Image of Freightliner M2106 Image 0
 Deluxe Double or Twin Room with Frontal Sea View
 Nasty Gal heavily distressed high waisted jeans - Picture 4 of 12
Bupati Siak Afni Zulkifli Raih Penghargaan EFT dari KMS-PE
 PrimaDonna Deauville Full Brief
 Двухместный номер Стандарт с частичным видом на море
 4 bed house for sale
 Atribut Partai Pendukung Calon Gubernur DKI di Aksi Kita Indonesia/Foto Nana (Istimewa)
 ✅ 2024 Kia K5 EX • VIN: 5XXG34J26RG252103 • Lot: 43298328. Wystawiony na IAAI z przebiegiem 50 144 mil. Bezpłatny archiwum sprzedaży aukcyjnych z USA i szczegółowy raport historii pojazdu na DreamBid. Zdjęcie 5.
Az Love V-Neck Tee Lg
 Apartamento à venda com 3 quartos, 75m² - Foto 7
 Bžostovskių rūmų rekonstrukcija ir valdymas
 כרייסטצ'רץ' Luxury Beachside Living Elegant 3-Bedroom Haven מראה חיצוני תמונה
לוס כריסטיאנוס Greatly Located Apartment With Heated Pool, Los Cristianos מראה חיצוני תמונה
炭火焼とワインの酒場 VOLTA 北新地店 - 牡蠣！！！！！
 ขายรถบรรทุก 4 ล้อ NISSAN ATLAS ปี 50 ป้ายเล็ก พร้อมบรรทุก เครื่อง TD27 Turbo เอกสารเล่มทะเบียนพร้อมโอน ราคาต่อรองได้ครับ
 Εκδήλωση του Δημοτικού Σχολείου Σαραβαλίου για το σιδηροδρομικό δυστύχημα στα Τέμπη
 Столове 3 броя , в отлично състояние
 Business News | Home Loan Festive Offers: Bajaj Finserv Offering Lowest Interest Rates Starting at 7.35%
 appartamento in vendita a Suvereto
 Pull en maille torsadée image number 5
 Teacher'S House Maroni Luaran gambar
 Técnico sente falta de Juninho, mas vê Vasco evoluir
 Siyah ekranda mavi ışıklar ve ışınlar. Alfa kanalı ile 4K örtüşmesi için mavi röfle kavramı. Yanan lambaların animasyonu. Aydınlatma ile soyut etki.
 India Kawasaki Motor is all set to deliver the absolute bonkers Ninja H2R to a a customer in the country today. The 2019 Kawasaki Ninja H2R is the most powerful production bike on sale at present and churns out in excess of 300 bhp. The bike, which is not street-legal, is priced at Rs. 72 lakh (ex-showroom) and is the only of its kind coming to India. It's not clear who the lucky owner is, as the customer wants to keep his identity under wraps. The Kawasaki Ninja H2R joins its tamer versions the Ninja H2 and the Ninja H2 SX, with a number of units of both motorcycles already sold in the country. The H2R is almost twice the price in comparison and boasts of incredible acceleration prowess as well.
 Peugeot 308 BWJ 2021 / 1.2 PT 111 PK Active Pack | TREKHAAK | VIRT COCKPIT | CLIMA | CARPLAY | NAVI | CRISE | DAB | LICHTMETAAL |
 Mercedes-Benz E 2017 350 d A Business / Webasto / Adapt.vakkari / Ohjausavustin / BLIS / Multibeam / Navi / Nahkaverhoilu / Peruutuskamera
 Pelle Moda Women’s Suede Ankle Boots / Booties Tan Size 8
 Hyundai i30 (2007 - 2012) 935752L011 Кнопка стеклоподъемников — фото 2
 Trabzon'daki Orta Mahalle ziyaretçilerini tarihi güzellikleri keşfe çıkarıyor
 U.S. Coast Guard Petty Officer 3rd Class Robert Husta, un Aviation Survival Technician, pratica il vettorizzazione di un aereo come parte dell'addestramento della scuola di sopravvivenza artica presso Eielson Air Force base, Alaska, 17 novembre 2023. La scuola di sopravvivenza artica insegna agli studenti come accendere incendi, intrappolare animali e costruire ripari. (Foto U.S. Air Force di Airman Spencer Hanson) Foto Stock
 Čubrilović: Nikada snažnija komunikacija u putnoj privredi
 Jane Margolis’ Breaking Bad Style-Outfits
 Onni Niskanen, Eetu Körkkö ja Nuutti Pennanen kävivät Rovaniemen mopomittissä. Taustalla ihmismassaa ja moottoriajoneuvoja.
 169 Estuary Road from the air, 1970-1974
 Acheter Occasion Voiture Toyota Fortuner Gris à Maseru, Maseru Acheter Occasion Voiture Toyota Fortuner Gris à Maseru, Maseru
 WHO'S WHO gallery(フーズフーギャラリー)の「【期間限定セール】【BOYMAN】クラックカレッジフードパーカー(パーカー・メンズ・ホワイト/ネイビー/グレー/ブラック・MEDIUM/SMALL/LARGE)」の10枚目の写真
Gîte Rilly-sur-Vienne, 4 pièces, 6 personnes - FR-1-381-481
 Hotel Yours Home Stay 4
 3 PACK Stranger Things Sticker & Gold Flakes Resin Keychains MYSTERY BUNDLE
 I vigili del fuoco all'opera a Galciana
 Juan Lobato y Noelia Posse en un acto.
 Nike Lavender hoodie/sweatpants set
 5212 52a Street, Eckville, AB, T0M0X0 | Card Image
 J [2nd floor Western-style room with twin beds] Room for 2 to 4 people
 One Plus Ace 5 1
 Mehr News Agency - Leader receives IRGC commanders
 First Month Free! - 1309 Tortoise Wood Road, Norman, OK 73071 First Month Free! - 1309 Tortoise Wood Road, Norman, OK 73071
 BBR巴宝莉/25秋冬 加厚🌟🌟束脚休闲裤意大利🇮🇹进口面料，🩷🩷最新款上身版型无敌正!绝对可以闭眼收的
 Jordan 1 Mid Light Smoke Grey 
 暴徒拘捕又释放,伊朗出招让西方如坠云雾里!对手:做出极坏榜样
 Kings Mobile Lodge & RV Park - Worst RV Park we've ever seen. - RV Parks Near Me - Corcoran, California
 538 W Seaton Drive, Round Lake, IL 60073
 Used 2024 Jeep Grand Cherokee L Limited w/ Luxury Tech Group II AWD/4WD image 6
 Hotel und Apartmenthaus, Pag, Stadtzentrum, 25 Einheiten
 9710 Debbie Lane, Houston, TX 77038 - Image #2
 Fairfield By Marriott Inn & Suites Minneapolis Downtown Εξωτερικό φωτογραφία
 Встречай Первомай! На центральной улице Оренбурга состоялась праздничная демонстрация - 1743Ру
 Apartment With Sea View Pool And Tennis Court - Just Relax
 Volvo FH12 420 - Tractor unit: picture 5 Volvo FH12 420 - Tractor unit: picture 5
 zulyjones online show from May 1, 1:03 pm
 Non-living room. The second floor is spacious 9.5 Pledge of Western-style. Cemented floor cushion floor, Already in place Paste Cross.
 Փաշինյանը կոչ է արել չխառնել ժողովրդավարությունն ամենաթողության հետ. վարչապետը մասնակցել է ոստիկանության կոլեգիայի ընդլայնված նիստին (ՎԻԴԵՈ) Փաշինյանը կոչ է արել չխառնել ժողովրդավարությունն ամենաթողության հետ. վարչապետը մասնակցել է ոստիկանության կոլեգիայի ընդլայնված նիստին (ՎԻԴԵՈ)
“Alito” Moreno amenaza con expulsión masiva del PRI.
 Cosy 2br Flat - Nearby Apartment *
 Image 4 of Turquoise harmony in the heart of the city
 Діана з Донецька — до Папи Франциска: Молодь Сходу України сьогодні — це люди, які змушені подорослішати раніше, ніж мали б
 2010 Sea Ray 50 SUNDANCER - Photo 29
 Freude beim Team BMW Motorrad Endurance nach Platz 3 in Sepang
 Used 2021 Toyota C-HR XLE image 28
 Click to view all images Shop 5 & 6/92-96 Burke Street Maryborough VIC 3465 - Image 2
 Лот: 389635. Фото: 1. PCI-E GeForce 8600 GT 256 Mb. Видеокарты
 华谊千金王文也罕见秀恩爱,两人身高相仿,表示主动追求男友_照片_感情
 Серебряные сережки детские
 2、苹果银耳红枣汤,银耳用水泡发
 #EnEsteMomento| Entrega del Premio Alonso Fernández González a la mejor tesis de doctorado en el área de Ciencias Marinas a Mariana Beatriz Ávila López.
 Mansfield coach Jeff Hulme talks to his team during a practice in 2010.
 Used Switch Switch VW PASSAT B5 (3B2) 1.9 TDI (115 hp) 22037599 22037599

Exercise prompt: Every line where "Luxury" appears must be returned from the listing above.

Solution to the exercise:
 כרייסטצ'רץ' Luxury Beachside Living Elegant 3-Bedroom Haven מראה חיצוני תמונה
 Used 2024 Jeep Grand Cherokee L Limited w/ Luxury Tech Group II AWD/4WD image 6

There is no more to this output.